Believe it or not, the Fantastic Exploits design is one of the more conventional at Mr. Jones, in that it has hands and indices—unlike “Silent Shadow,” “A perfectly useless afternoon,” “Ricochet,” and “Ophelia,” to name but a few. Even then, those indices are highly irregular. In the place of each numeral, you have instead its first letter, rendered in unique hand-lettering. Around the outside of the dial, you also have five-minute markers in a variety of fonts. The rest of the dial is filled with intricate tattoo-work. Vic Lee also designed the Victorian-style hands which peek out from behind the most compelling dial element—the kaleidoscope.
Rather than a running seconds, Fantastic Exploits has what appears to be two rotating plates that perform a mesmerizing dance at the dial’s epicenter.
Despite the elaborate display, Fantastic Exploits is more than just a novelty. The case is made in 316L stainless steel and covered in a black DLC coating. It measures 40mm in diameter and is 11mm thick, including the slightly proud, beveled sapphire crystal. The crown is push-pull.
On the rear, you have a screw-down caseback and an exhibition mineral glass insert which reveals the Swiss STP1-11—a 4Hz movement from the Fossil Group, which can be found in that brand’s Zodiac Super Seawolf line. The watch is also water resistant to 50m.
By way of a strap, there is an 18mm padded leather band that tapers to 16mm at the signed buckle. Its strap pins are quick release.
|Case||316L Stainless Steel|
/w Black DLC Coating
18mm Lug Width
50m Water Resistance
|Dial & Crystal||Flat Sapphire|
Printed Dial & Indices
44-Hour Power Reserve
|Strap||Padded Leather Strap|
Mr. Jones Fantastic Exploits
A lot of work has clearly gone into the dial of this watch. So much so, that the case is almost unimportant. It exists to house the concept–which is the dial–and not to contribute to that concept. Nonetheless, it is an attractive case, and it is well-constructed. However, the strap seems an afterthought, and it is a bit stiff. The old-world quality of the dial, and everything that it conjures up, would surely be better served by a distressed, vintage-style, hand-stitched leather strap.

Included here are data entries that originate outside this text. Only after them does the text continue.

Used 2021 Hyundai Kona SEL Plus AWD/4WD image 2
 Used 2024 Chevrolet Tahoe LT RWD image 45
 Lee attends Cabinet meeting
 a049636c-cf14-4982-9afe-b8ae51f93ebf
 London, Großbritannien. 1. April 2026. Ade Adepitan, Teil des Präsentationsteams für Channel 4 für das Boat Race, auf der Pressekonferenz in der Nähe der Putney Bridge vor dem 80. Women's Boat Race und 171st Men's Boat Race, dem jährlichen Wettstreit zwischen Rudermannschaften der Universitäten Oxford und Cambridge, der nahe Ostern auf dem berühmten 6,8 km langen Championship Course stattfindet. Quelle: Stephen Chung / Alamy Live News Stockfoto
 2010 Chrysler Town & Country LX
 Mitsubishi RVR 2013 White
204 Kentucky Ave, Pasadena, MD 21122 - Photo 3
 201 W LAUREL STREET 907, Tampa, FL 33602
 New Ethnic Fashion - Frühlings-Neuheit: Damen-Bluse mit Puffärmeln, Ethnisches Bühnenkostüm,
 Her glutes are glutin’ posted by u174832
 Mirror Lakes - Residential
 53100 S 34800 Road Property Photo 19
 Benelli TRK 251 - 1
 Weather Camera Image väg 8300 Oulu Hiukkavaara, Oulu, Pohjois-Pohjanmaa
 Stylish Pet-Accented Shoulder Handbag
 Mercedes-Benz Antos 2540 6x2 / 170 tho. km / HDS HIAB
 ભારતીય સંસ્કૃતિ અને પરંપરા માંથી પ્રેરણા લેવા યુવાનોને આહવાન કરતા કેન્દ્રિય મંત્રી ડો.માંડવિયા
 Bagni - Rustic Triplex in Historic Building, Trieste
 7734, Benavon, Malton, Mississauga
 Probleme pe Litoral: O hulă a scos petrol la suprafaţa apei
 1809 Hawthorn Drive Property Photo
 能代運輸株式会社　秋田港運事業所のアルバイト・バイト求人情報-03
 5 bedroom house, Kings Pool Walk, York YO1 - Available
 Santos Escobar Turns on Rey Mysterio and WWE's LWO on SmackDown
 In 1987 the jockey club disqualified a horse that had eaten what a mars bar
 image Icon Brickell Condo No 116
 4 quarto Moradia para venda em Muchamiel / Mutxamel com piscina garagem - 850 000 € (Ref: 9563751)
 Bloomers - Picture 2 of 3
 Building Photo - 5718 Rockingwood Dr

This is not a timepiece that will be embraced by all enthusiasts, because in some manner it flouts the basic tenets of what many collectors hold dear. However, those with an open mind will no doubt appreciate two things: its existence as a piece of art, and its narrative. The dial is unique and the manner in which it is printed makes it appear almost three-dimensional. It is so intricate that you cannot discover it all in a single glance. More than a week after its arrival, the watch continues to disclose itself. The kaleidoscope is soothing and slightly hypnotic. But there is also a story here. One that says we should marvel at, and celebrate, the usual. For traditionalists, the movement is a solid one often found in much more expensive watches. For a dress watch, it also has ample water resistance. If you like to go your own way, check out the Fantastic Exploits, or any other of the eccentric designs at Mr. Jones.